I’m repeating v22 runthrough with no probs. so far.
I’m digging deeper to understand the underlying steps a bit better this second time.
I see in the log during the execution of: [ processCcd.py DATA --rerun processCcdOutputs --id ]that the process steps through isr, then charImage, then calibrate and so on.
In the master script processsCcd.py , it invokes parseAndRun, very simple that then launches these downline steps.
My questions is about seeing the control transition between the master script, and the downline steps, isr, etc… Even with detailed trace logs I observe nothing that shows the transition from processCcd.py to isr and so on. I must be missing something simple; Is there a part of the parseAndRun software that controls these downline steps/sequences in the process…and I’m just missing it?
Anyway, so far so good. Just trying to dig in a bit more to see “handoffs” from one phase/step to the other.
thanks again,
Fred klich, Dallas

timj · July 27, 2021, 5:46pm

Things might be a bit clearer for you if you work in the new gen3 middleware. In gen3 pipelines are defined using YAML files and we have a command pipetask that knows how to execute them (rather than separate scripts per combination of tasks).

See for example the command line in this unit test: pipelines_check/run_demo.sh at master · lsst/pipelines_check · GitHub

The pipeline for that is at pipe_tasks/DRP.yaml at master · lsst/pipe_tasks · GitHub

ktl · July 27, 2021, 6:05pm

There are documents about how the Gen2 CmdLineTask framework functions, but I don’t want to refer you to them because they will very soon be obsolete.

We’re still working on comprehensive documentation for the Gen3 system, but if you’re interested in the details, you might get a start at PipelineTask — LSST Science Pipelines and the various classes and methods linked from there.

kfindeisen · July 27, 2021, 7:11pm

I agree that switching to Gen 3 is a good idea, but for the record:

In Gen 2 (and technically also in Gen 3, though it’s less prominent there), each task (in this case, ProcessCcdTask) is responsible for deciding when and how to call its subtasks. This is not something parseAndRun does automatically. In this case the logic is fairly simple, and can be found in ProcessCcdTask.runDataRef. In other cases subtasks may not be simply “steps” of their parent task, but behave more like modular functions.

Note also that ProcessCcdTask does not exist in Gen 3. There, ISR, characterizeImage etc. are top-level tasks, though they still have subtasks of their own. Top-level tasks interact with each other as Tim Jenness described.

fsklich · July 27, 2021, 10:17pm

thanks, the GitHub links that you shared does “appear” a bit more centralized compared to what I’m trying to understand now.
Okay, I migrated to V22, after my initial tests with V21. I’ll do some more reading re: gen3 pipelines; will it be released as a future version?

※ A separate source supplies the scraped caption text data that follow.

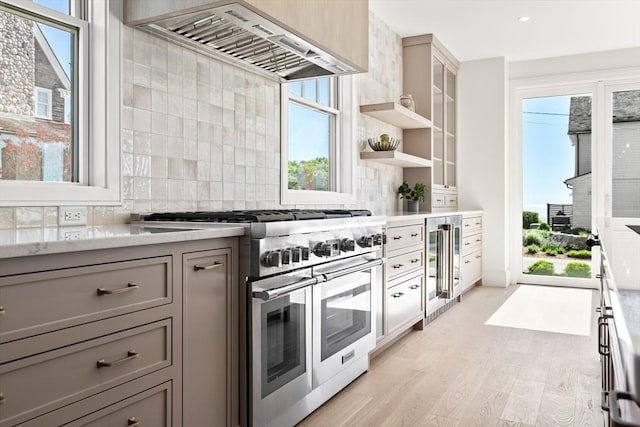 2 Collier Rd, Scituate, MA 02066 - kitchen featuring range with two ovens, gray cabinetry, wall chimney exhaust hood, beverage cooler, and light wood-type flooring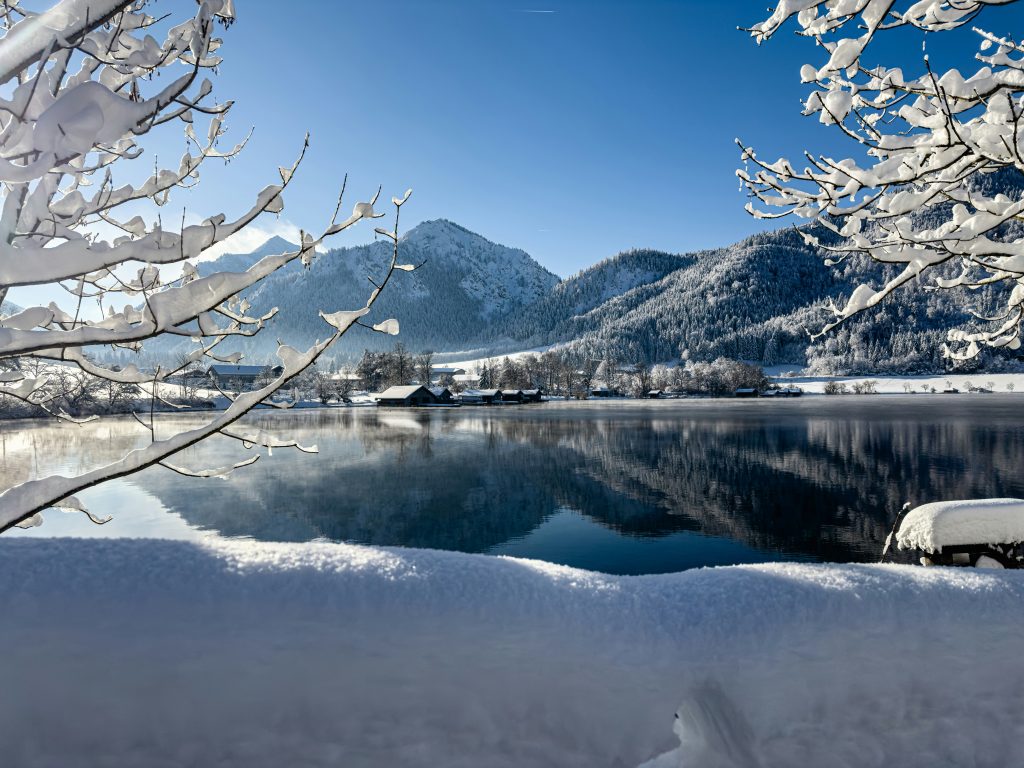 Winterlicher Schliersee mit schneebedeckten Bäumen, Bergen und ruhiger Wasseroberfläche unter blauem Himmel.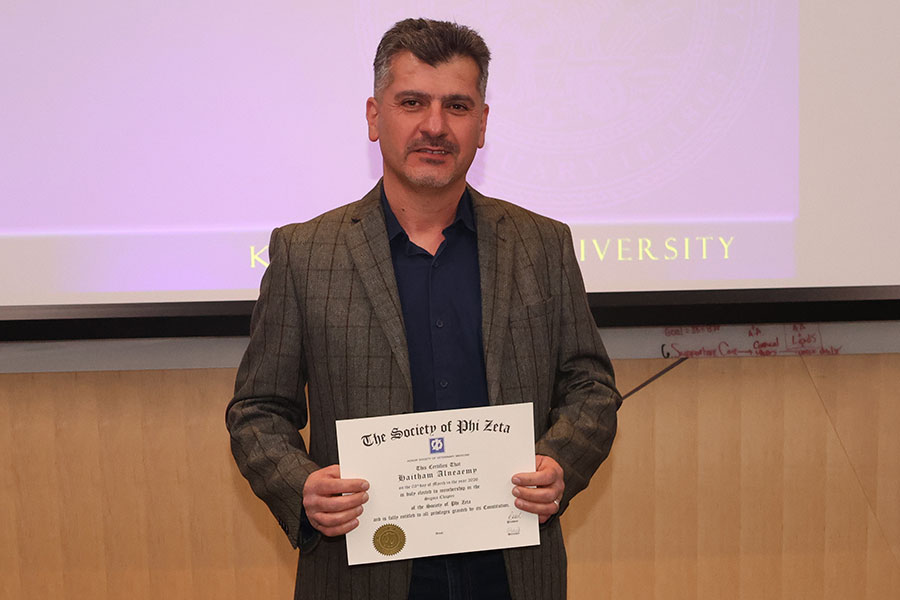 Graduate student holds certificate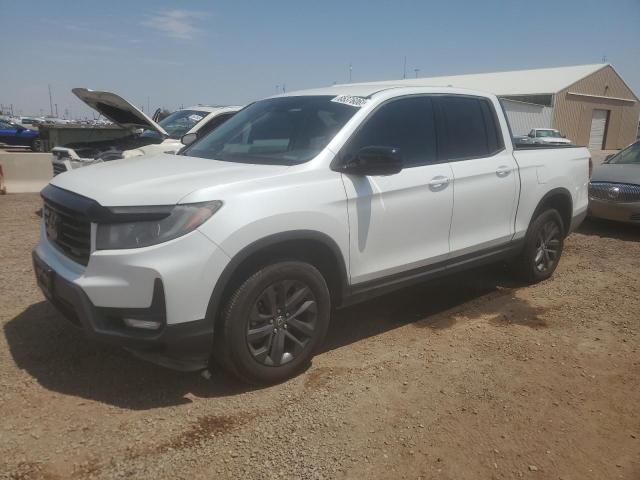 HONDA RIDGELINE 2021 with VIN 5FPYK3F17MB010165 - Photo from auction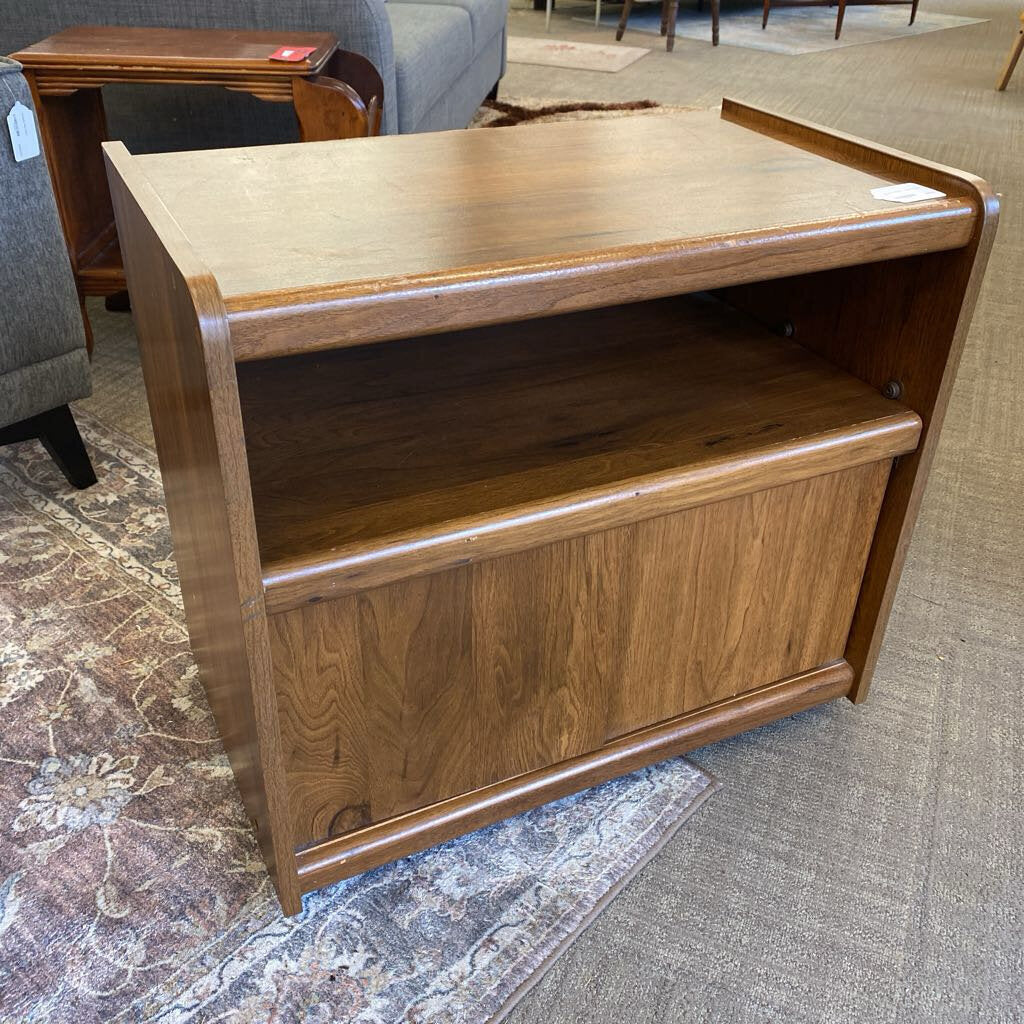 Wooden side table in a room with furniture and carpet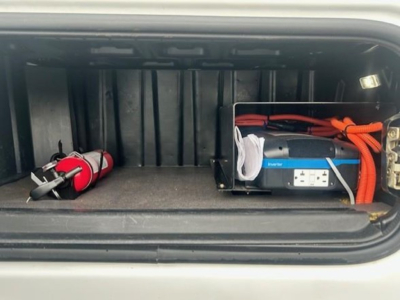 Truck storage compartment showing a portable power inverter and a red fire extinguisher in the rear pocket of a Freightliner Cascadia cab.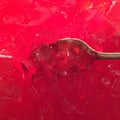 Spoon full red jello Royalty Free Stock Photo
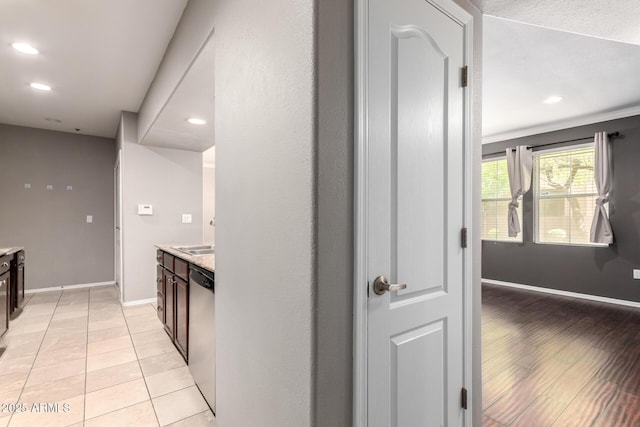 2134 E Broadway Rd Unit 1062, Tempe, AZ 85282 - corridor featuring baseboards, recessed lighting, and light tile patterned floors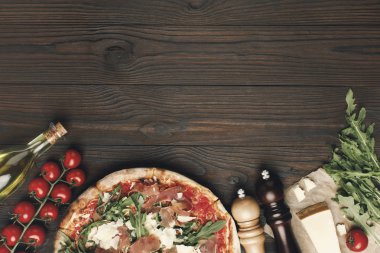 flat lay with italian pizza and various ingredients on wooden tabletop clipart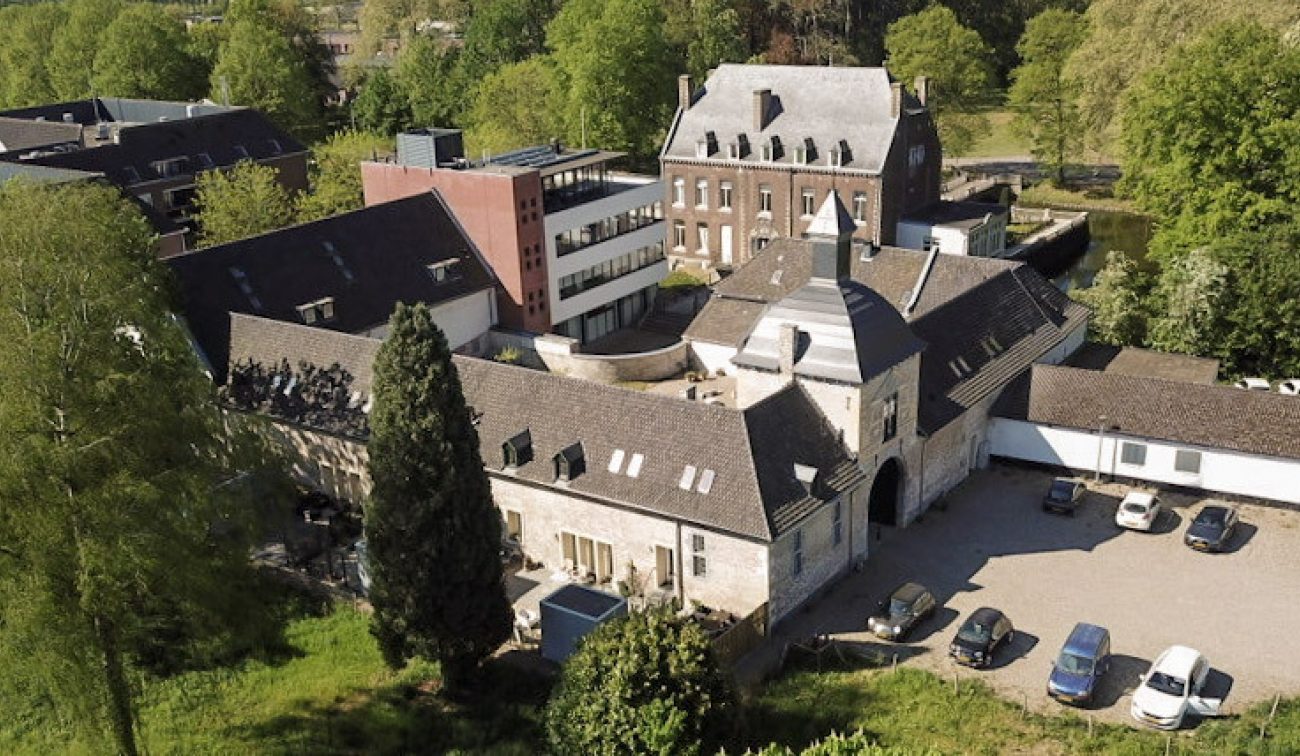 Luchtfoto van historische carréhoeve met poortgebouw en binnenplaats, naast moderne appartementen — herbestemming tot woningen in Maastricht.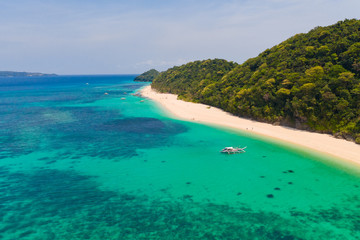 Fototapeta na wymiar Puka Shell Beach. Wide tropical beach with white sand. Beautiful white beach and azure water on Boracay island, Philippines, top view. Tourists relax on the beach.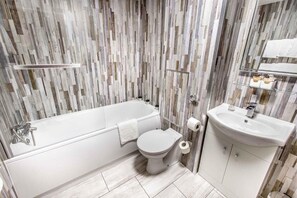 A bathroom with a bathtub, toilet, and sink, featuring a wood-textured wall. - The Grosvenor Hotel (Stratford-upon-Avon)
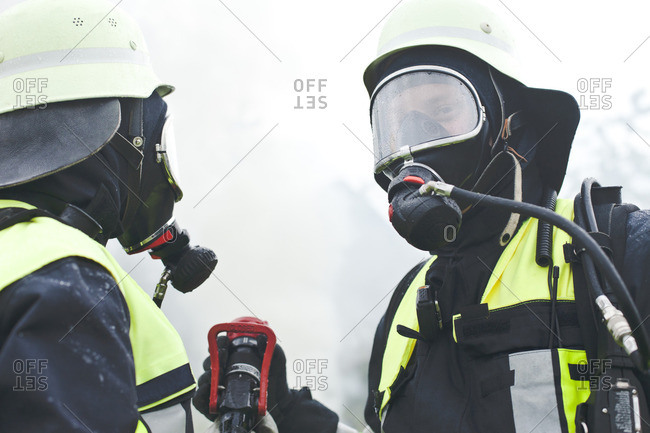 Two firefighters wearing oxygen masks
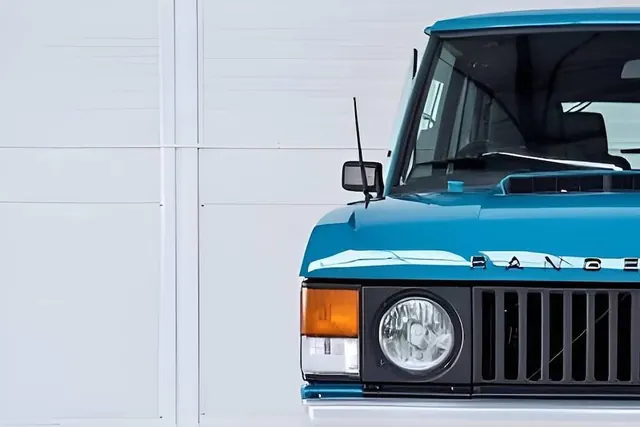 Teal vintage Range Rover corner, minimal, photographic, cool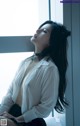 A woman sitting on a bed next to a window.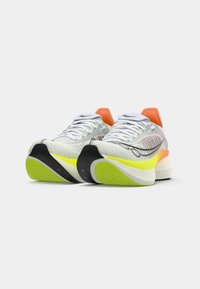 Des chaussures de course légères avec une tige en maille grise, un talon orange et une semelle extérieure jaune vif. Elles présentent une semelle texturée et des lacets blancs.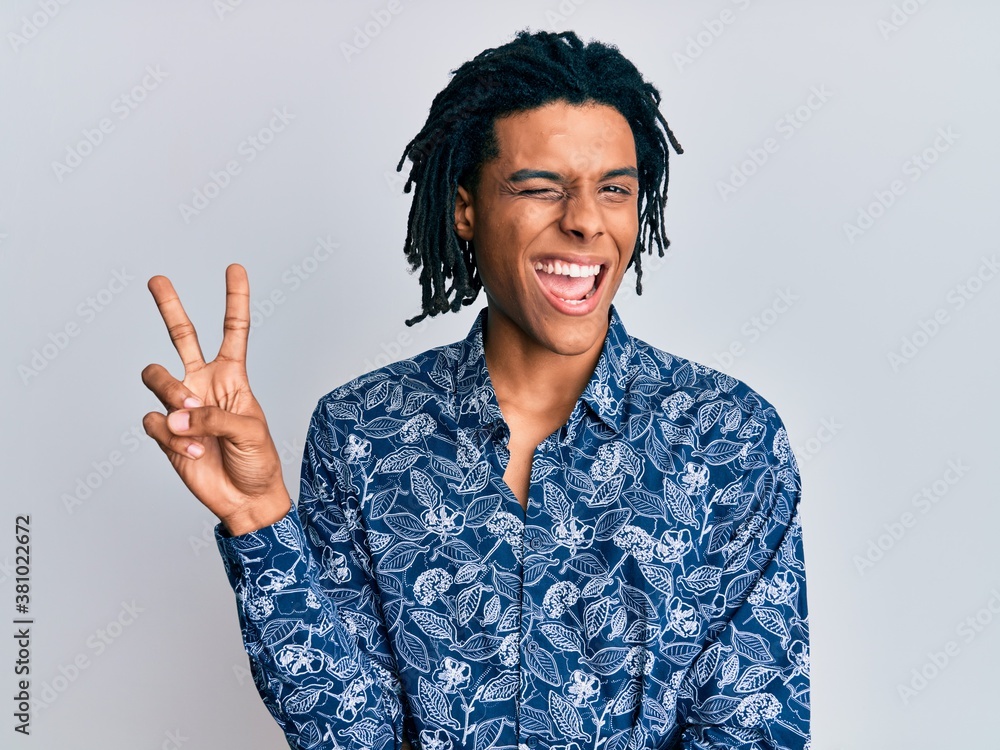 Young african american man wearing 80s style shirt smiling with happy face winking at the camera doing victory sign. number two. Young african american man wearing 80s style shirt smiling with happy face winking at the camera doing victory sign. number two.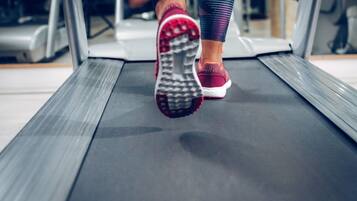A close-up of a treadmill with a person using it.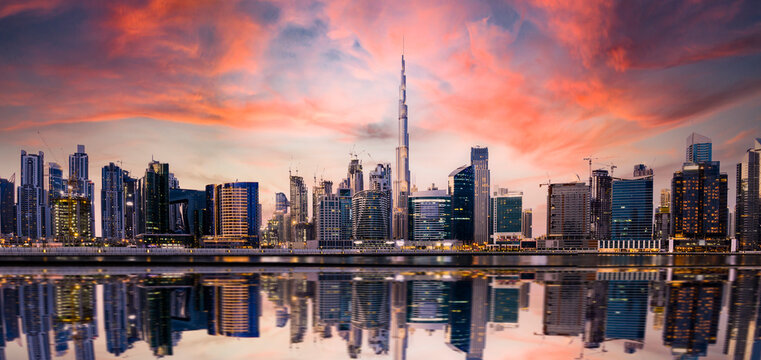 Stunning panoramic view of the Dubai skyline at sunset with buildings and skyscrapers reflected on a silky smooth water flowing in the foreground. Dubai, United Arab Emirates.
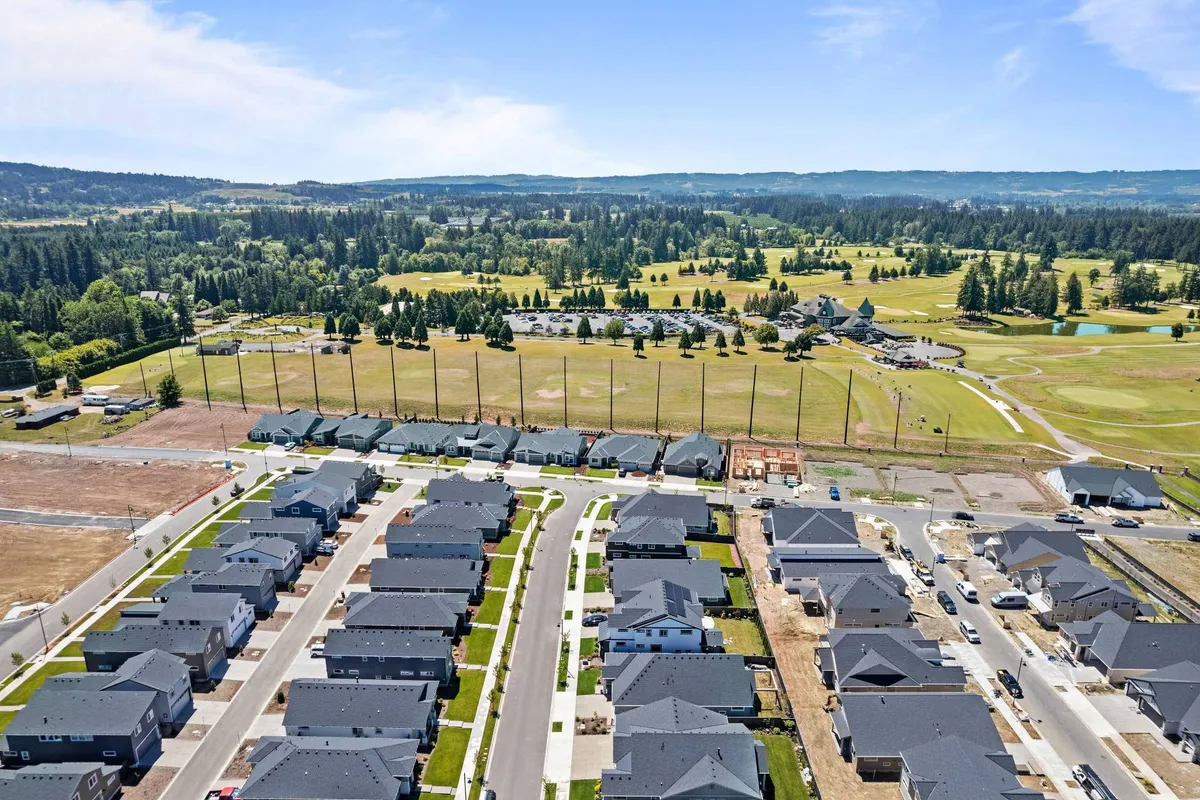 A panoramic exterior view of residential homes nestled beside a lush golf course, with green fields and mature trees, highlighting the community’s scenic walking paths and proximity to golf.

V23+ ?

fsklich · July 27, 2021, 10:19pm

thanks. Will gen3 come out as V23 or later?

fsklich · July 27, 2021, 10:21pm

thanks, from what you and Tim explain…and…from the links you shared, it does appear that Gen3 is a little more centralized and (for me now) easier to understand.

timj · July 27, 2021, 10:31pm

Gen3 is already out. It was available in v21 but has been evolving rapidly so we recommend that gen3 users do not use the formal releases but instead install the weekly releases. For example the current weekly is available using tag w_2021_30.

You can find other discussions of gen3 on community. For example Recreating the LSST Science pipeline tutorial (gen 2) only using Generation 3 command line tasks and the pipetasks

fsklich · July 28, 2021, 10:29am

Also, Krzysztof, as a followup, I can see the core logic in ProcessCcdTask.runDataRef for each of the major sub-tasks (as you are explaining). My deficiency was following the logic to flow from the ProcessCcdTask.parseAndRun to this runDataRef module. I was hoping this might be apparent in the full/detailed logging that I generated, but I could not see it.
Many thanks for your explanation.

fsklich · July 28, 2021, 11:13am

Krzysztof, I also discovered I can use “–show config data tasks” on the processCcd.py CLI and I can see a bit more of the processing steps and flow…just FYI. Drinking from the firehose, but getting there.
Fred